* Provided material
==================================================

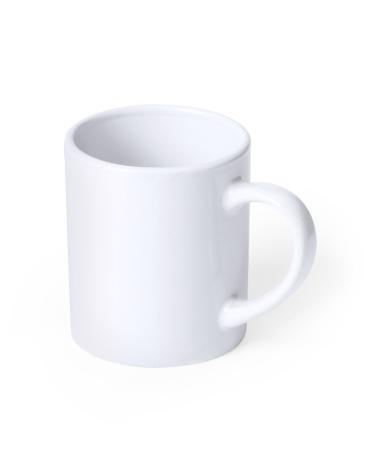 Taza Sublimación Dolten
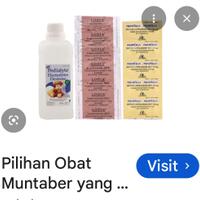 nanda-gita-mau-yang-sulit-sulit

==================================================

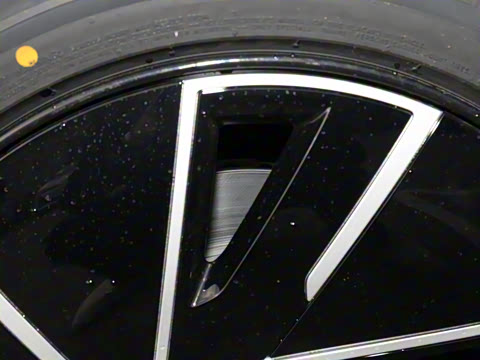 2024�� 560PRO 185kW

==================================================

Out of the records above, please copy exactly the lines from the line with "Taza Sublimación Dolten" up to and including the line with "nanda-gita-mau-yang-sulit-sulit", minus the pictures.

* Problem solution
 Taza Sublimación Dolten
 nanda-gita-mau-yang-sulit-sulit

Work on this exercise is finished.